Larry and Oscar are not a love couple, but best friends and partners on stage. They differ not only in appearance, they are different also in their ideas and ways of living and thinking. Larry – the six-foot-two, two-hundred-fifty-pound hairy bear of a man – has his feet planted firmly on the ground, he lives together with Stan, his life partner since 15 years. The ever single Oscar, a star-spangled Hispanic, 12 years younger than Larry, hopelessly romantic young man with dreams too big for the real world.
A decent writing style.
The author is a full-time ghostwriter and novelist. He is not a beginner, and one can feel it.
What disappointed me mostly was a mystery part. When I pick up the book, that is supposed to belong to one of the best gay mysteries of the year, I expect a mystery, that will keep me on the edge of my seat all the time, I expect to be stuck to it and not to be able to put it down.
For the most part of the book I felt bored. And irritated. Because I didn’t see what Oscar saw, and I wasn’t convinced with the explanations the author delivered me trying to justify Oscar’s annoying behavior.
An expensive lonely left (or was it right?) shoe under a dumpster in a parking lot leads to surveillance video that recorded two fighting people without giving away their faces, and this video in turn leads to a very reach girl with a black eye, THAT in turn leads to a BAD BOYFRIEND. OH HOW AWFUL.
You HAVE to have a VERY good fantasy and a well-developed six sense to suspect something wrong here, and it is exactly what everyone DID NOT.
Except Oscar. He sacrificed his free time, his power and sanity hunting a BAD BOYFRIEND of an occasional reach girl that he takes VERY personally, following her every step and begging her to report it to police. I don’t know what I as a reader was supposed to feel. Probably compassion with the victim and admiration for Oscar’s exemplary moral courage, but all I felt was non-stop-eye-roll and annoyance.
The easiness with that Oscar got an access to this reach circle (maids, house, friends, clubs), the eagerness with that everyone chattered with him about family and all kind of secrets, delivering any information he needed was very unbelievable. All he had to do was just to say, “I’m a friend of….”

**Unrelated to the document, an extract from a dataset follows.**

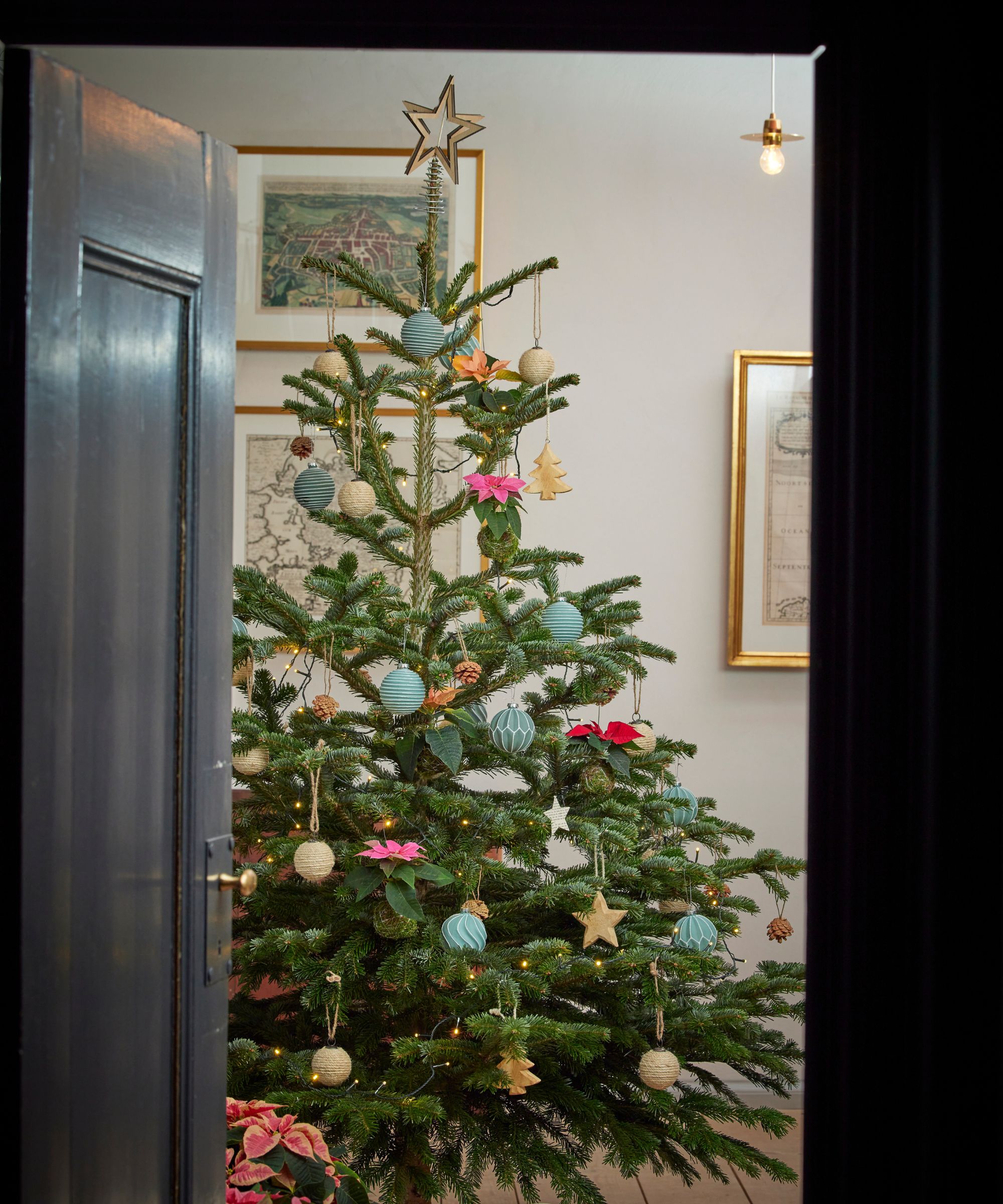 A brightly colored Christmas tree beyond a dark painted door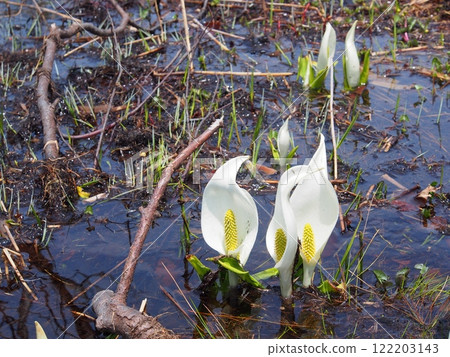 Ozegahara的水basho 122203143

Of course he was much luckier with his ingenious method than the police.
The fact that he WAS right with his suspicions, became irrelevant at the end, because
1) I didn’t care
2) of course you can find a crime behind many domestic violence cases that CAN look innocent at the first sight, but IF an author decided to make a thrilling story out of it, then he HAS to put more credibility, more healthy sense in the actions of his amateur sleuth.
Of course an author can do it without any logic, but at least it has to be FUNNY and WITTY. It is always helpful when any good sense is secondary.
And it is WHERE I come to my second complaint: I wish the story would be more humorous and have more funny situation, because OBVIOUSLY two drag artists offer all these good stuff by themselves. There were some funny situations, but not enough for my liking.
There are two subplots to the main story line:
I have to confess that I like them more than the main one
Edward Hannandale, a politician and a priest who names himself reverend and who is well known for his hate speeches towards gay society has been accidentally photographed in a gay bar during the show of Oscar and Larry. Suddenly Larry, together with Hannandale, are the number one news on all TV channels. And Jerry’s gay bar, a home stage for our boys, is occupied by all news team of the country. The whole situation got out of control.
My favorite subplot! Oscar and his love affair(s). Did he really mean it – AT LAST to leave Niko behind and make place for a new real relationship?
I understand that as a starter for a new series, the tasks of the first book was to provide readers with the first insight into surroundings, characters’ lives, it has to introduce not only those who play the main role in the series, but also those who play the second part. I can imagine, that I’ll like the next book more. The first case was solved and maybe the next case will be more interesting for me, and if there will be also more of a private life of our protagonists and less of a private life of people that are less interesting (to me), then I’ll probably enjoy it much more.